Bump an operator version

From CSV release notes to a merged MR: how to mirror the new operator/operand images, pin the startingCSV, validate the rollout, and update the operator-version-lock.

This task covers the canonical operator version bump on the v6 fleet: from CSV release notes to a merged platform-gitops MR, through oc mirror --v2 for the new images, the startingCSV pin update, the MachineConfigPool waits (when applicable), and the operator-version-lock refresh.

The procedure is the same across operators; specifics differ (channel, default CSV, MCP-touching status). The fleet’s active operator queue lives in connection-details/platform-admin-handoff.md §“Current Installed Operator Baseline” + §“Planned Operator Install Queue”, and the source-of-truth version pin file is plans/disconnected-rebuild/environments/dc-lab/operator-version-lock.md.

When this task runs

  • Upstream releases a CSV with a security fix or required feature. CVE in the operator’s image, a CRD addition needed by an ADR-mandated capability, a new channel default.
  • Compliance scan flags the current version. PCI-DSS scan finds an operator at a version no longer covered by a vendor’s support window.
  • Operator-dependency satisfaction. A new operator install requires an existing operator to be at version >= X.Y.Z.

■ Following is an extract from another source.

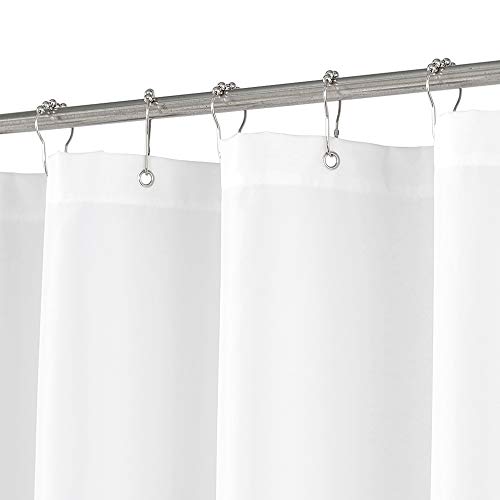"N&Y Home RV Shower Curtain with Magnets, Washable Fabric, Water Resistant, White Bathroom Curtains with Grommets, 36"" x 64"""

The cadence is event-driven, not calendar-driven. The fleet does not auto-bump operators; the explicit pin in operator-version-lock.md is the contract.

What is in scope

  • One operator at a time. Bumping two operators in the same MR makes the validation harder and the rollback more expensive.
  • The Subscription startingCSV value, the channel, the catalog source (Red Hat vs certified), the operand version compatibility.
  • Image-supply: every image the new CSV references must be mirrored to Nexus before the bump.
  • MachineConfigPool rollout windows: operators that ship MachineConfigs (Compliance Operator, File Integrity Operator, certain network operators) trigger MCP rollouts that take 30-60 minutes per pool.

Out of scope:

Pre-checks

Before mutating anything:

  1. Read the upstream CSV release notes. Note any breaking changes, new RBAC requirements (which may require an argocd-platform-extensions ClusterRole extension), changed CRD versions, new operand dependencies.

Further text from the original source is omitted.